Hijo de un octogenario chino inmigrado en Cuba y de una criolla mestiza, Wifredo de la Concepción Lam y Castilla fue uno de esos fantásticos productos antropológicos en el que no sólo se cruzan las razas más dispares, sino las culturas más exóticas y antitéticas.A partir de esta base se comprende quizá mejor que eligiera ser pintor y que convirtiera su vida en una permanente aventura, considerando cualquier parte del planeta como si fuera su propia casa. De hecho, durante los 80 años de su fecunda existencia, visitó varios continentes, así como, fijándonos sólo en los lugares en los que llegó a residir varios años, resulta que Lam vivió, además, naturalmente, de en su Cuba natal, en España, Francia, Italia, EE UU, Haití..., una pintoresca relación de lugares sólo comparable a la de las respectivas nacionalidades de sus esposas: la española Eva Piris, la alemana Helena HoIzer y la sueca Lou Laurin.

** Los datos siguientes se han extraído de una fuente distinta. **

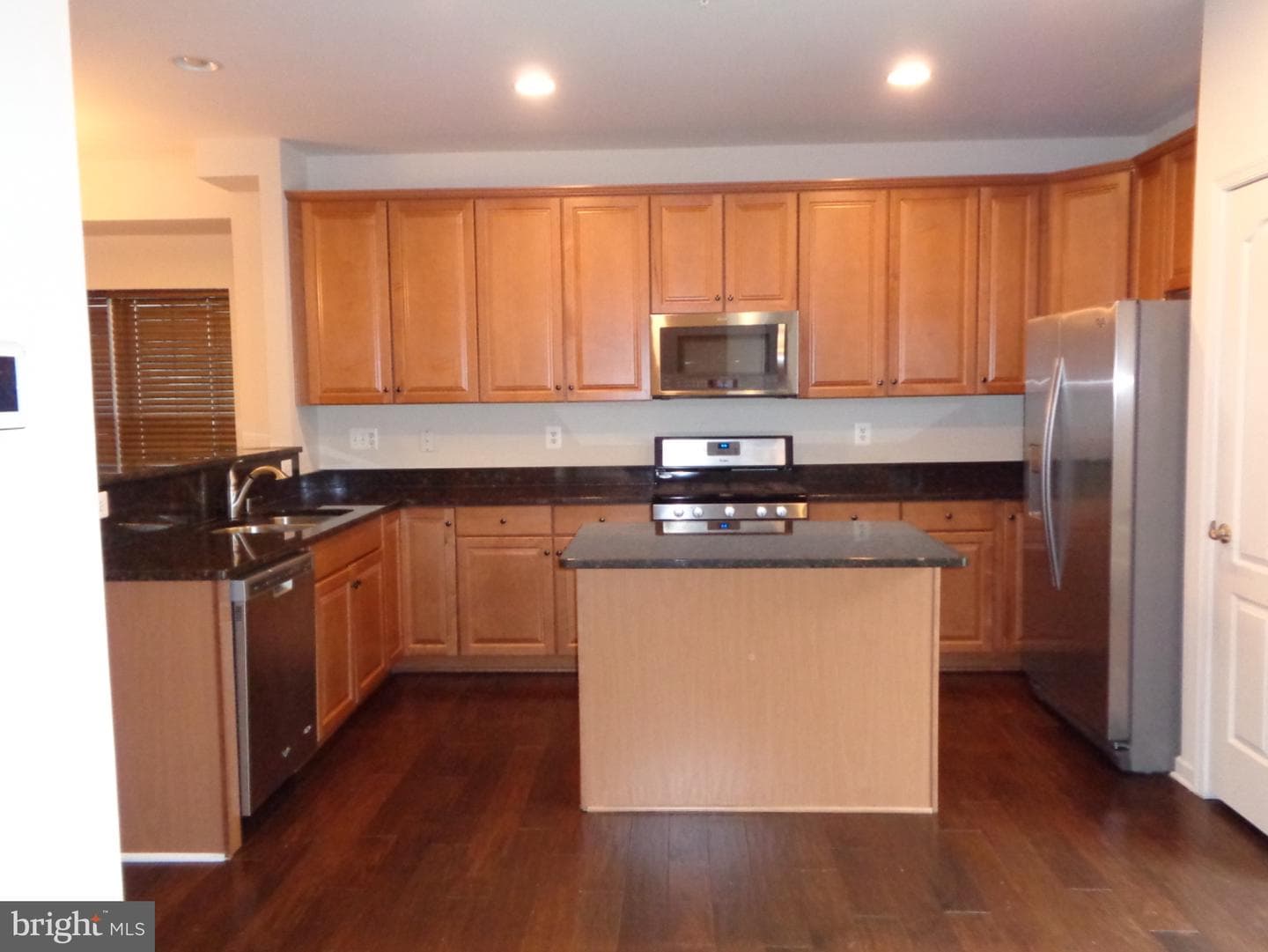 528 Victorianna Drive photo 9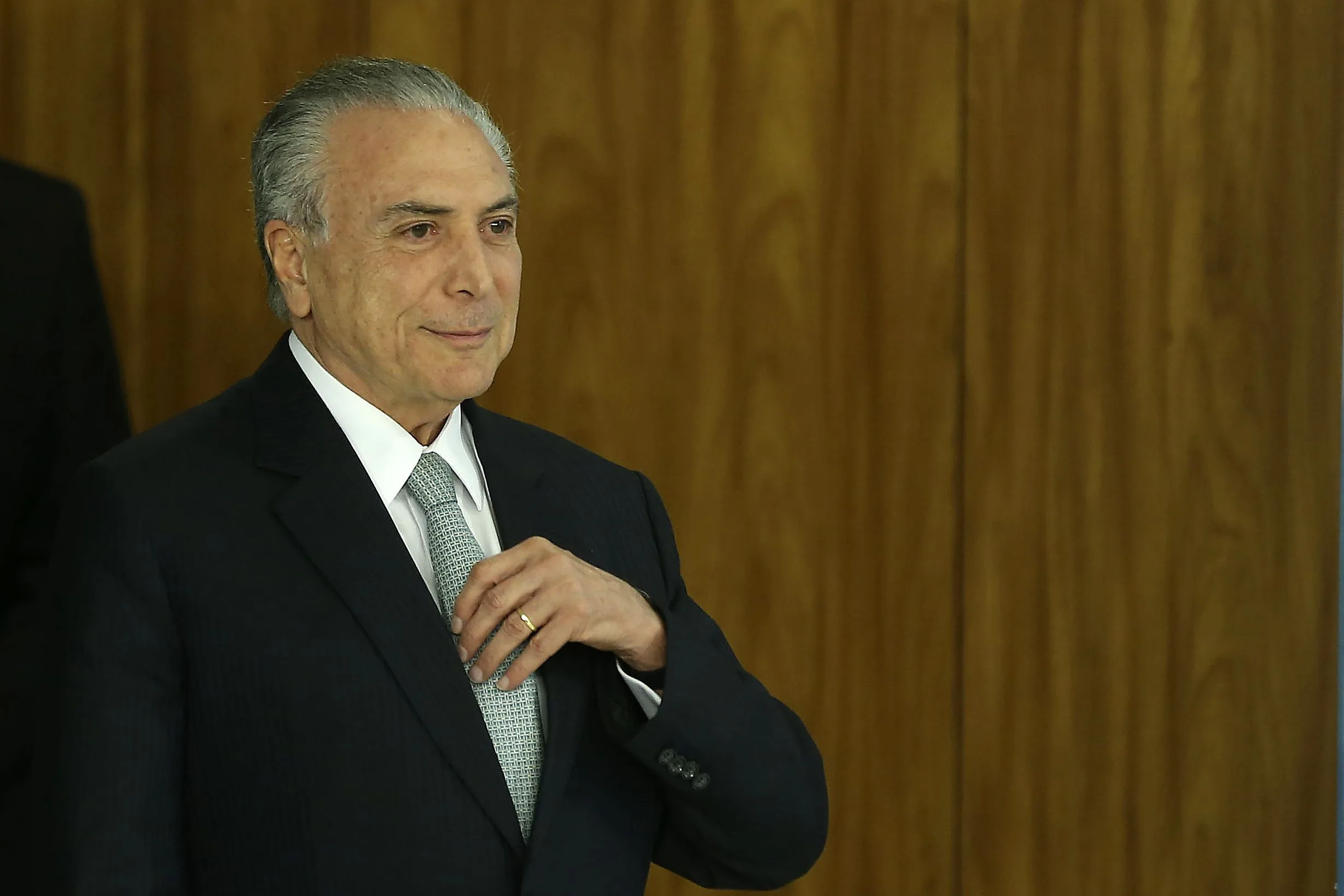 Brasília – O presidente da República, Michel Temer, faz pronunciamento oficial no Palácio do Planalto (Valter Campanato/Agência Brasil)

La eclosión de los cuarenta

Lam se hizo pintor en España como discípulo de Sotomayor, pero su madurez creativa se produjo durante los años treinta, cuando intentaba una síntesis entre El Greco y Cézanne, mientras que su definitiva consagración le llegó junto a los surrealistas, con los que intimó en Marsella, mientras todos esperaban allí ser evacuados a América huyendo de la invasión nazi. Fue en esta década de los cuarenta en la que se produjo la auténtica eclosión artística de Lam y en función del modelo estupefaciente de Picasso, que, tan fuertemente marcó la mayor parte de la vida y de la obra de los mejores pintores del siglo XX. Lo que empezó a hacer entonces Lam se caracterizó por cuadros de ácidas e inquietantes atmósferas como de selvas tropicales, habitadas por extrañas criaturas en forma de alargados cuchillos y la presencia ritual de lo mágico y esotérico.Los grandes formatos, la ambigüedad de las formas y los signos, los gestos afilados y violentos, las gamas cromáticas verdosas, parduzcas o agrisadas, los espacios indefinidos y el rotundo arcaísmo de sus figuras, todo ello contribuyó a fascinar a la nueva generación de los expresionistas abstractos americanos, que vieron en él lo que entonces más buscaban: una iconología vernácula y una espontaneidad salvaje más aprovechable que la del resto de los refinados surrealistas europeos también refugiados en Nuéva York en la década de los cuarenta.

El mejor Lam, pictóricamente hablando, es el de las décadas de los cuarenta y cincuenta: en la primera de las citadas es cuando llega a formular su mundo y su estilo, mientras que en la segunda desarrolla unas técnicas de refinamiento que producen elegancia, pero sin restar misterio y agresividad.